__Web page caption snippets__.
_ _ _ _ _ _ _
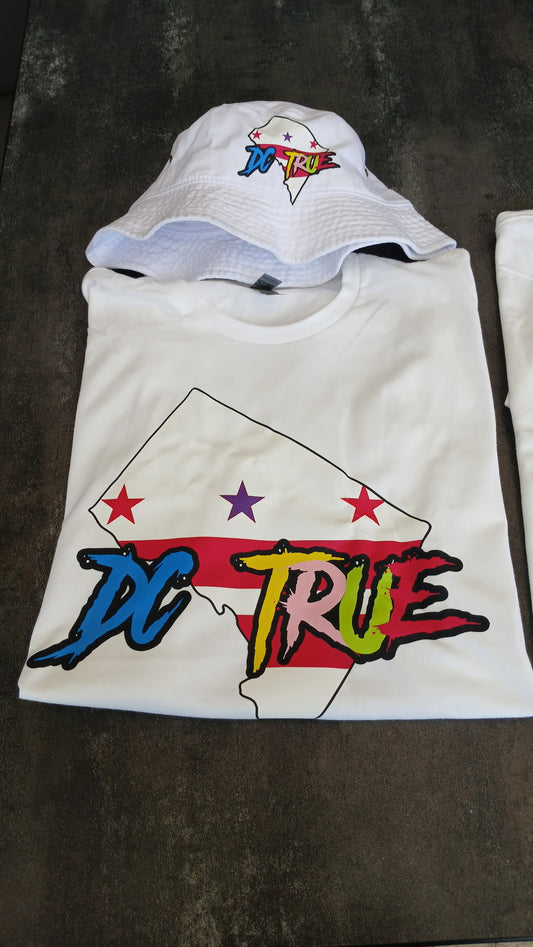 DC TRUE State Map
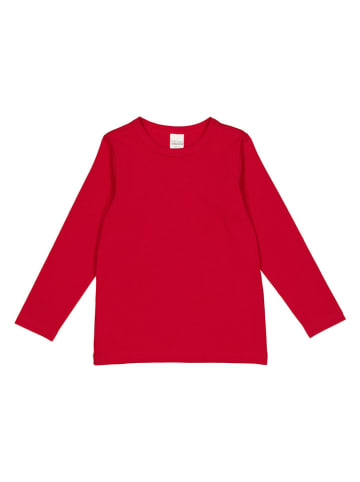 Fred´s World by GREEN COTTON Longsleeve "Alfa" in Rot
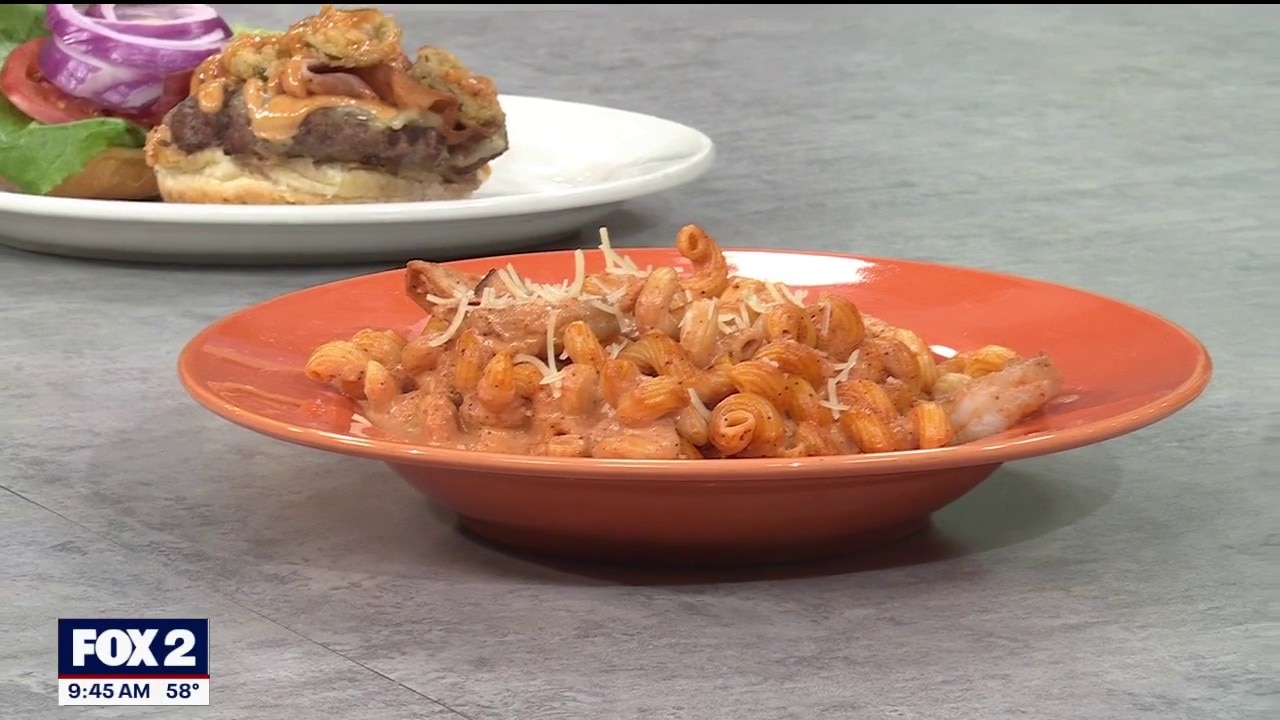 Cooking with Oscar's Sports & Grill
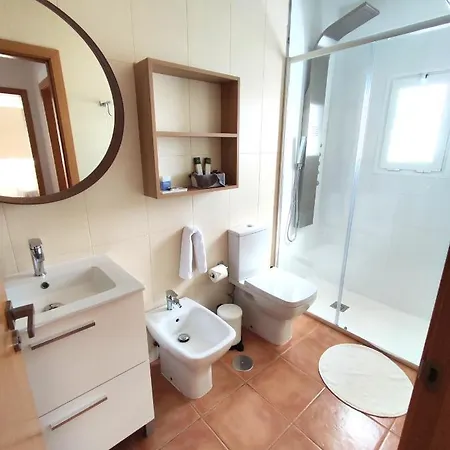 Casa Bermeja - Dağ evi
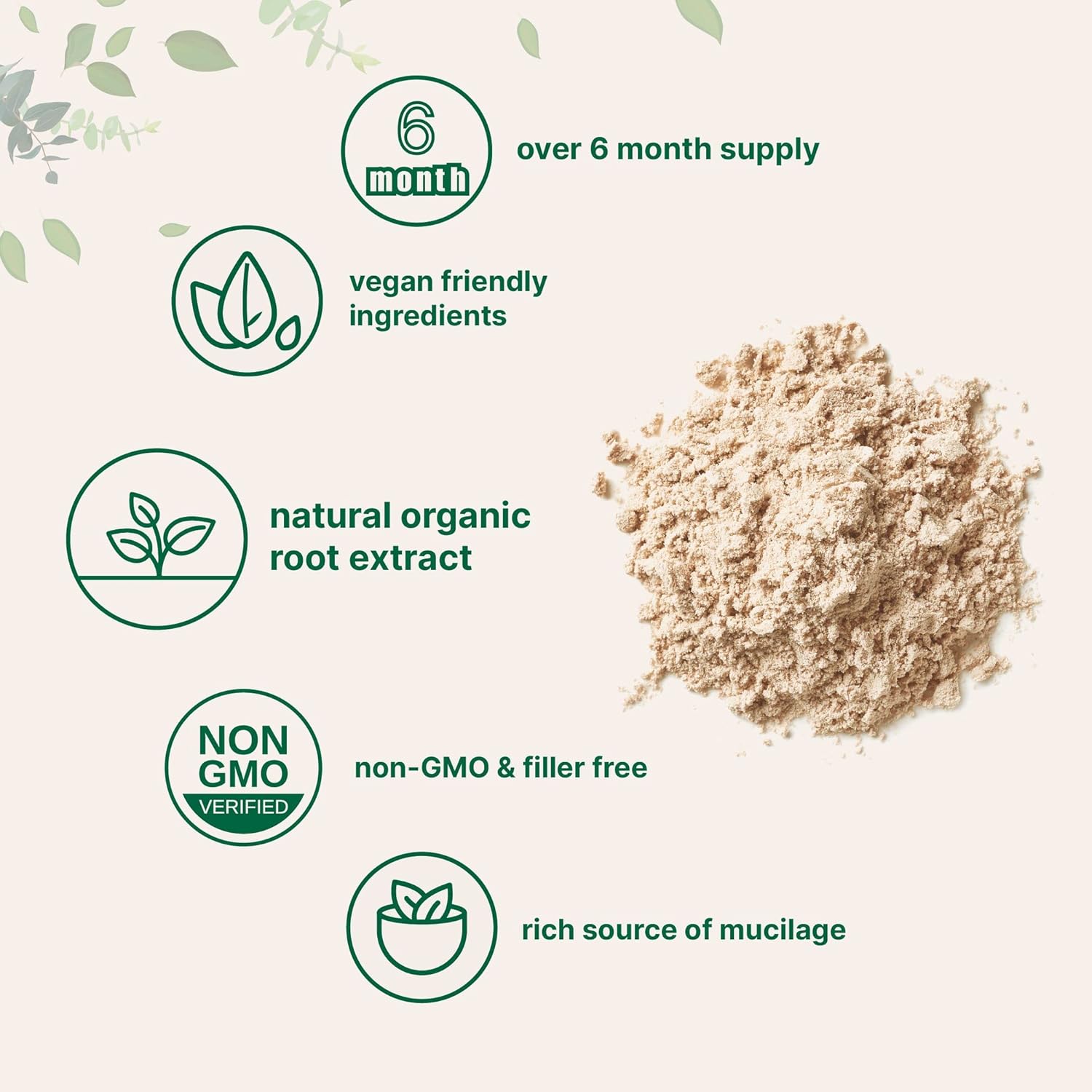 organic-marshmallow-root-powder---8oz---filler-free-digestive-health-support---non-gmo-vegan---traditional-use-3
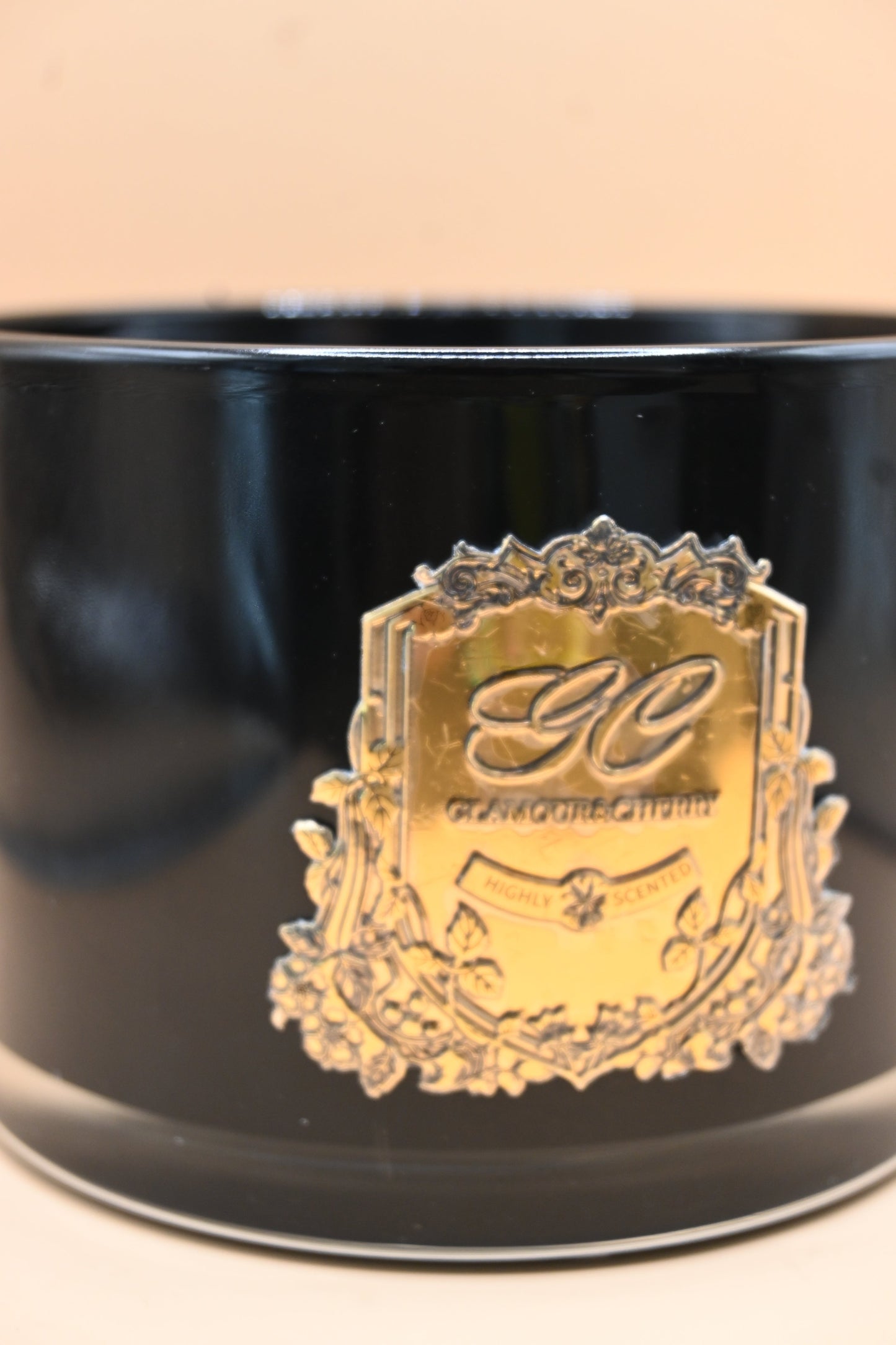 330G Gold Standard Silver Cup Candle In Box- 2 scents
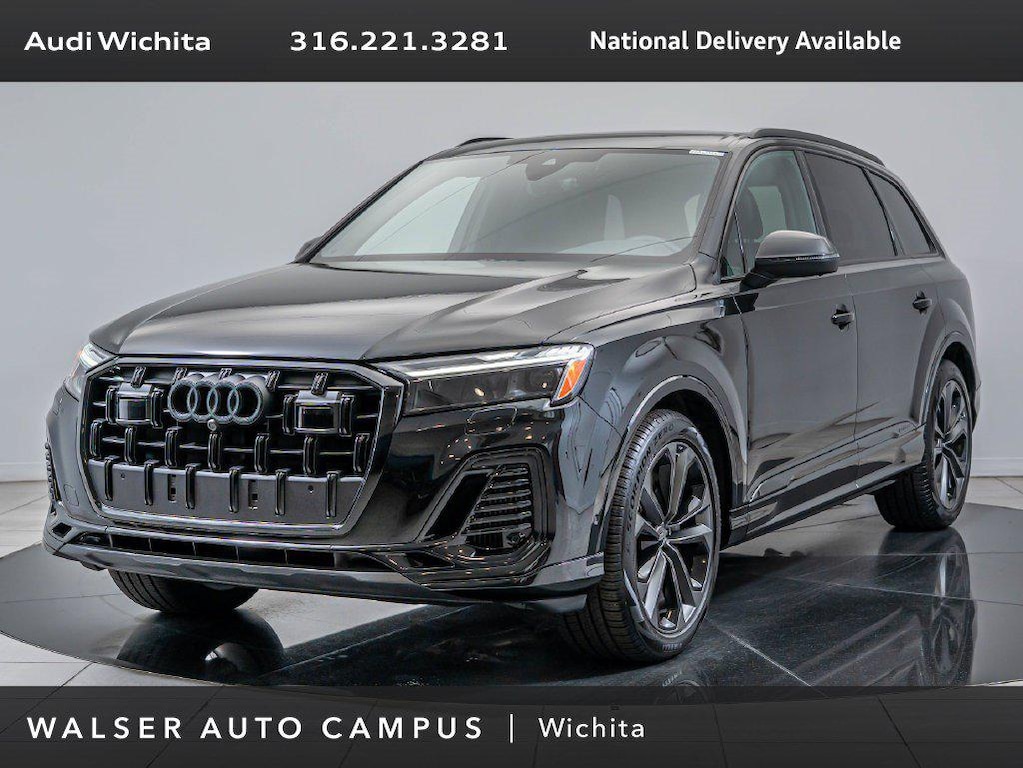 2026 Audi Q7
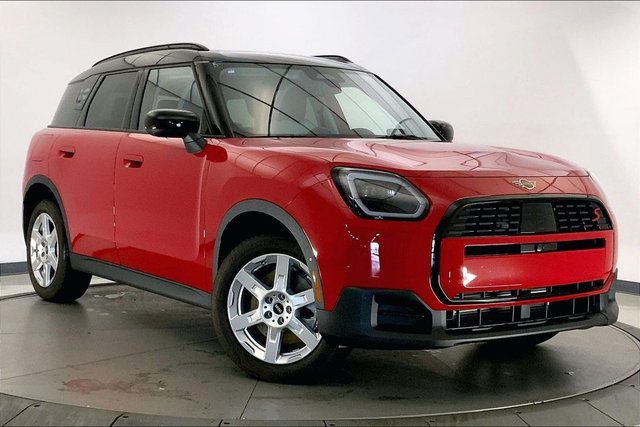 2025 MINI Countryman S ALL4 Iconic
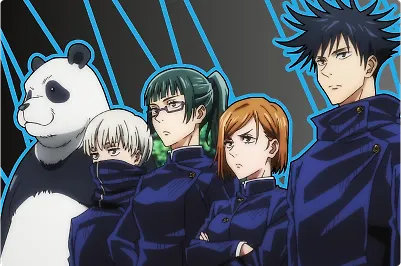 Феномен «Магической битвы»: как манга стала культовой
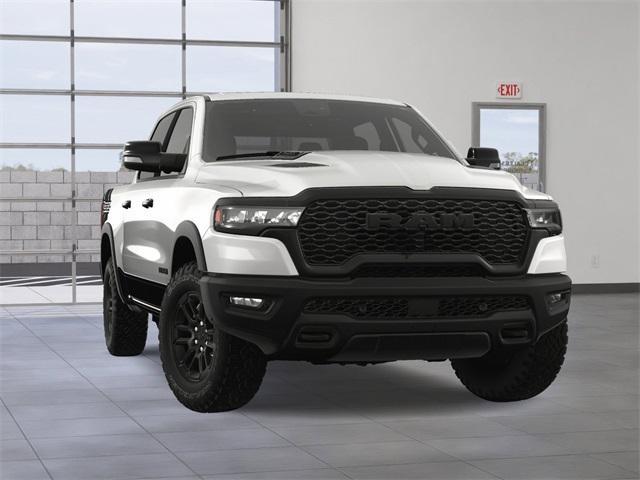 new 2025 Ram 1500 car, priced at $61,891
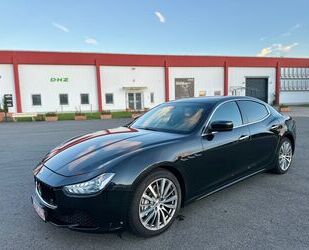 Maserati Ghibli Gebrauchtwagen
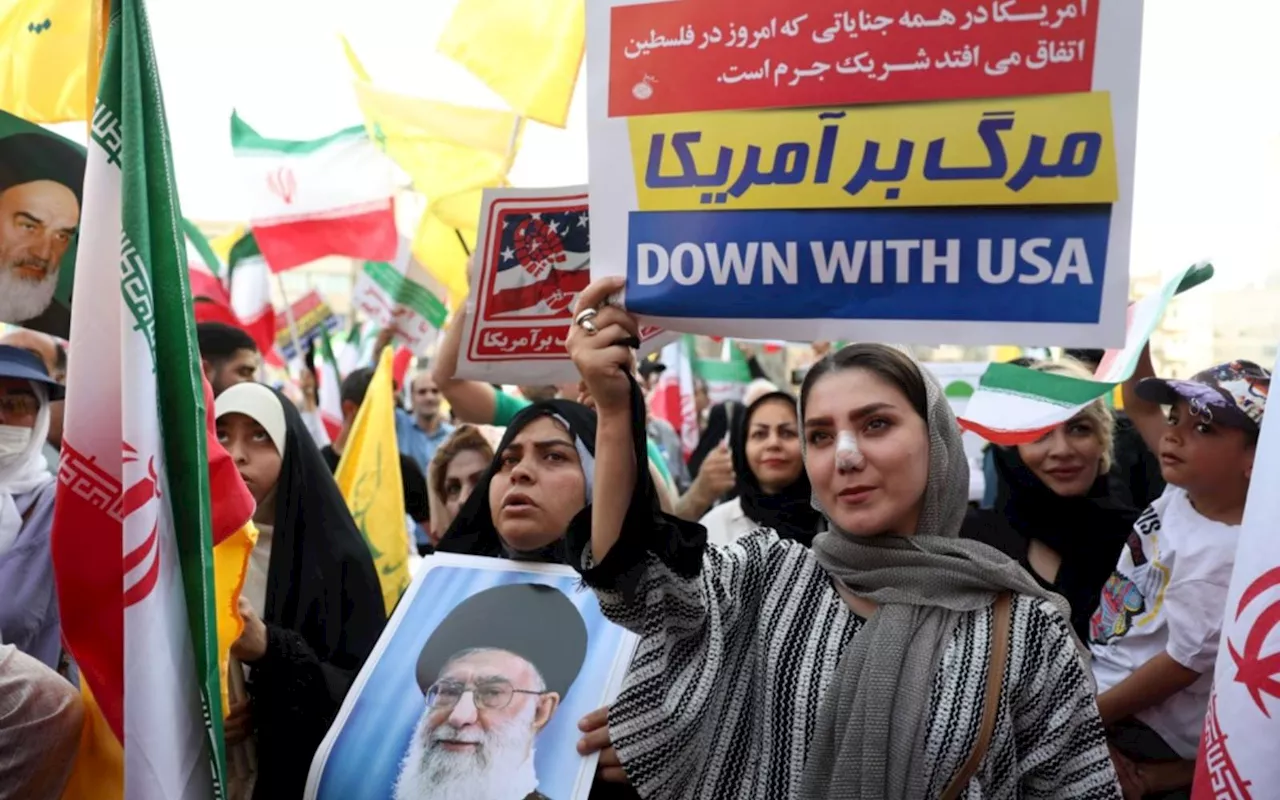 Iran willing to return to talks as ceasefire with Israel takes hold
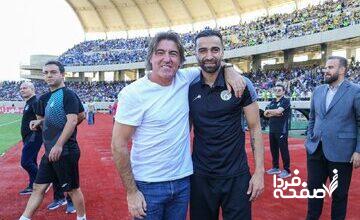 ساپینتو: برای سومین برد پیاپی به مصاف آلومینیوم میرویم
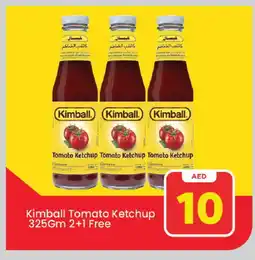 Mark & Save KIMBALL Tomato Ketchup offer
_ _ _ _ _ _ _
Starting at the line that contains "манга стала культовой", reproduce exactly and only the lines through the end of the entries above, with the pictures excluded.

 Феномен «Магической битвы»: как манга стала культовой
 new 2025 Ram 1500 car, priced at $61,891
 Maserati Ghibli Gebrauchtwagen
 Iran willing to return to talks as ceasefire with Israel takes hold
 ساپینتو: برای سومین برد پیاپی به مصاف آلومینیوم میرویم
 Mark & Save KIMBALL Tomato Ketchup offer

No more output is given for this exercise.